Advert: Car & Classic
Denim is a material severely underutilised in automobile interiors, but it is a material this SEAT Marbella Jeans has in abundance, and for that alone it deserves our attention.
There had been denim-themed special editions before. Volkswagen introduced the Jeans Beetle in 1974, sporting a coat of orange paintwork, a set of stripes and of course the all-important denim seat covers. It then reprised the concept several times, the last as late as 2000 in the Mexican market.
American marque AMC also dabbled with denim, also in the 1970s – surely the decade of denim – with the Levi’s Gremlin. This one was even painted the same colour as a pair of 501s, though the denim itself was a new kind better suited to the rigours of automotive use.
Jeep got in on the Levi’s act too, while in the early 1990s, Peugeot’s 106 Kid trimmed its seats and doorcards in the stuff. More recently, we’ve had the Fiat 500 by Diesel, with a nod to the clothing brand coming in the form of denim seat centres – though in a less obvious black, rather than stonewashed blue.
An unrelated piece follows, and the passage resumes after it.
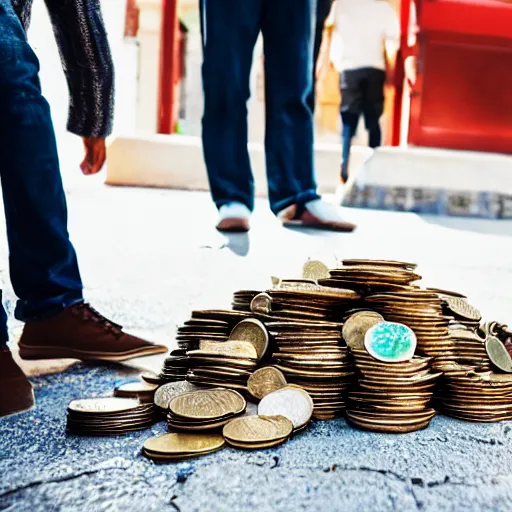 Prompt: dumping a pile of coins on a man standing in the street, selling boxes of kitchenware, on lsd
But while it’s not an original idea, all of these special editions beat the old stickers’n’wheeltrims combo for imagination and seem a little more interesting as a result.
The Marbella Jeans went a step further than most, since the big hammock-style dashboard cribbed from the Fiat Panda also ended up trimmed in blue denim. Other particularly neat touches include map pockets behind the front seats that look like the pockets on your jeans, stitched-in leather patches bearing the legend ‘Jeans – Casual Look’, and small rivets at the intersection of some of the trim panels.
While the photos aren’t the clearest we’ve ever laid eyes on, the denim trim, and indeed much of the rest of this Marbella seem (or should that be seam?) to be in pretty good condition.
The car was apparently reconditioned last year after spending a decade garaged, so there’s a new radiator, thermostat, fan sensor, brakes and a fuel pump, as well as four new tyres. It also passed its MOT with no advisories back in April, for further confidence. That said, MOT checkers and the like don’t seem to recognise the numberplate, so this may be worth investigating if you’re interested.
Either way, it’s a neat unexceptional classic in decent nick with one of the best special edition gimmicks you’ll find. And for £2300, it’s almost certainly possible to find a pair of jeans that’ll cost you more.